Posted on:2011-12-19Degree:MasterType:Thesis
Country:ChinaCandidate:L JiangFull Text:PDF
GTID:2178360305468931Subject:Signal and Information Processing
Abstract/Summary:PDF Full Text Request
As an important branch of unsupervised pattern recognition, fuzzy c-means cluster has wide application in the fields of pattern recognition, data mining, computer vision, fuzzy control and other fields. Fuzzy C-means (FCM) cluster algorithm is an algorithm based on objective function. It has the advantages of deep mathematical theoretical foundation, simple design as well as widely range of solving problems.
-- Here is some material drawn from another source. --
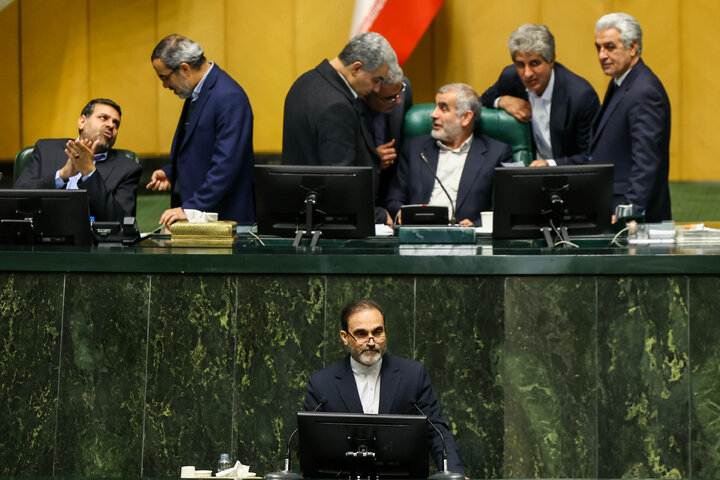 ناطقان میان دستور نشست علنی یکشنبه 30 آذرماه مجلس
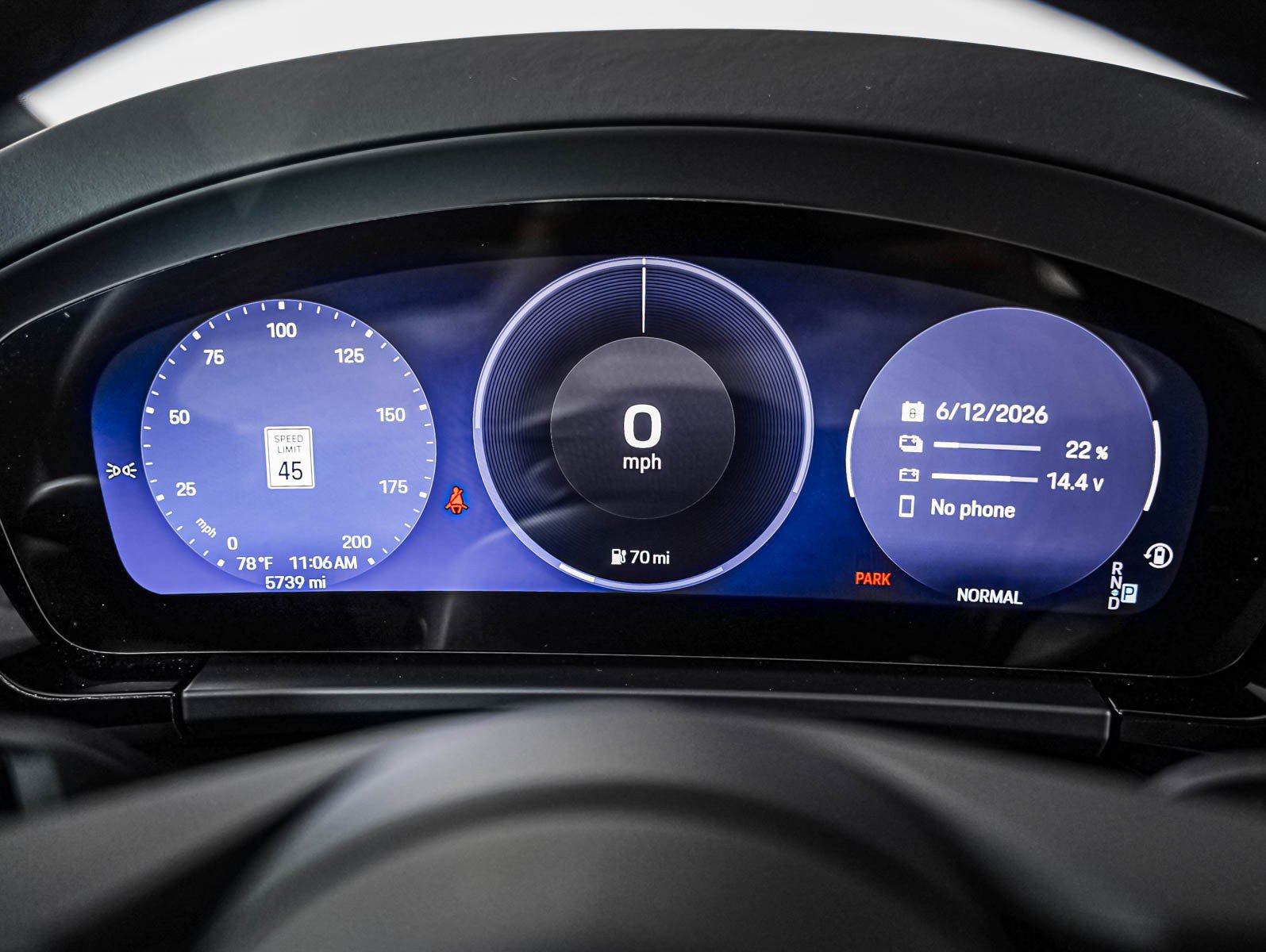 Certified 2025 Porsche Macan Electric w/ Premium Package RWD image 17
Meanwhile lots of FCM algorithms basing on other prototype have been formed. However there still were many problems to be solved, such as need to define the parameters of cluster prototype artificially, cluster results easily falling into local peak, long time consuming under large volume data and unable to process the data of special types directly. So the FCM algorithm needs further improvements.On the basis of numerous research achievements, this paper does comparatively deep research on the existent insufficiency of FCM cluster algorithm. Based on the theories of bootstrapping, statistical characteristics of samples and kernel function, it proposed two kinds of modified FCM cluster algorithms respectively. It also put forward a new validity index to evaluate the partition results according to Shannon entropy and fuzzy variation theory. In addition, by considering the effect of neighbor pixels and designing weight, the paper presented a weighted FCM algorithm that could be used in the segmentation on noisy images. And for some more complex images, we initialized the number of cluster center by calculating the validation function. Finally we combined FCM algorithm with neural network and used them in the design of vehicle classification. Experiments proved that the modified algorithms were feasible and its validity function had good classification property.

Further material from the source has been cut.